Nile University (NU) (Arabic: جامعة النيل) is the first non-profit, research and entrepreneurial university in Egypt. Founded in July 2006 with the support of the Egyptian Ministry of Communications and Information Technology. The university has undergraduate programs and graduate programs alongside its research centers. It is located in Juhayna Square on 26 July Corridor, Sheikh Zayed, Giza.
It includes 5 Schools: School of Engineering and Applied Sciences, School of Information Technology and Computer Science, School of Business Administration, School of Biotechnology, Graduate School of Management of Technology.

History 
Nile University (NU) was established in 2006 (Presidential Decree # 255/2006), officially inaugurated in January 2007 and became a non-governmental autonomously managed (Ahleya) university in 2014 (Presidential Decree # 123/2014). NU is the first national, non-profit university in Egypt conceived to be a leader in technology and business education in Egypt and the Middle East/North Africa (MENA) region. Its programs and research centers are designed to address critical areas of vital importance to the economic growth and prosperity of the people of Egypt and the region and to engage in cutting-edge applied research. It also maintains strong collaborations with leading academic and business institutions locally, regionally and worldwide.

Nile University's goal is to be a world-class institution of learning committed to excellence in education, research, entrepreneurship, and innovation. The university offers both undergraduate and graduate programs in various fields. Its business and technology-based programs and research centers are designed to address critical areas of vital importance to the economic growth and prosperity of the people of Egypt and the region and to engage in cutting-edge research.

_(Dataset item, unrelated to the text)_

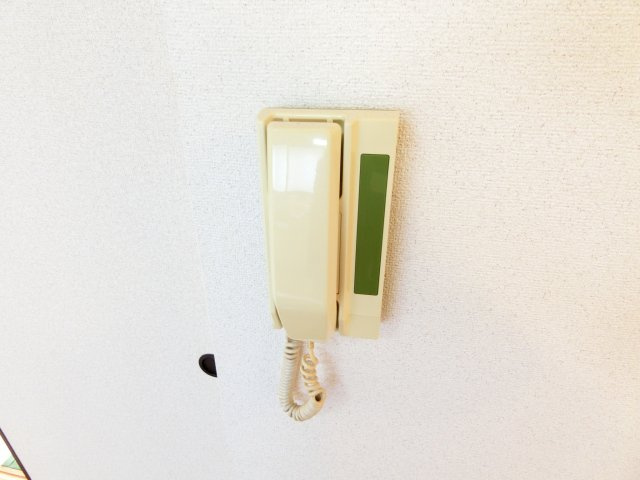 ソファレ高倉台のセキュリティ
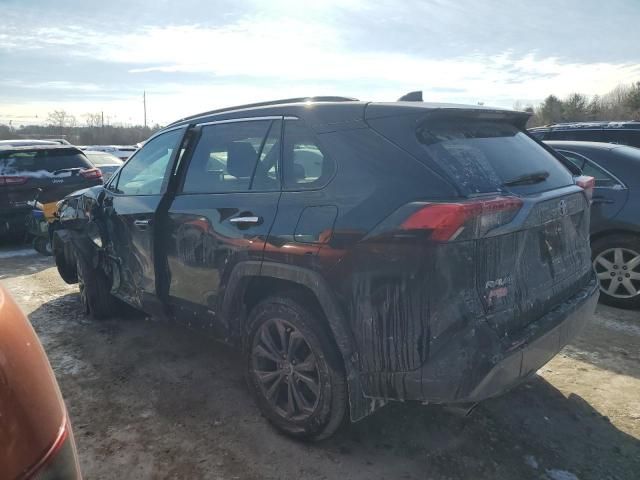 2022 Toyota Rav4 Limited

The development of Nile University dates to the turn of the century when a group of community leaders foresaw the need to establish a leading-edge non-profit university dedicated to the advancement of higher education and applied research in selected sectors of strategic importance to the economy. Egypt has a growing need for technically capable and well-qualified personnel, who are educated and trained to meet development demands in a dynamically changing global marketplace. Enhancing the nation's technological resources, particularly in highly skilled areas, is critical to the country's goal of sustainable economic growth.

While Egypt has a solid academic sector, it still lacks a world-class research university capable of meeting industry challenges in high technology sectors. This is the role Nile University seeks to play. Further, the National Telecommunications and Information Technology Strategic Plan calls for building an IT society that copes with worldwide developments and advancements in technology in order to accelerate economic and social growth. The main goal of this plan is intended to bridge the digital gap between Egypt and highly developed industrial nations. Nile University serves the dual purpose of capacity building in targeted sectors and leading applied research in collaboration with the ICT community and other critical industrial sectors. To that effect, it is essential to link academia, industry, and government; Nile University was conceived with this philosophy in mind.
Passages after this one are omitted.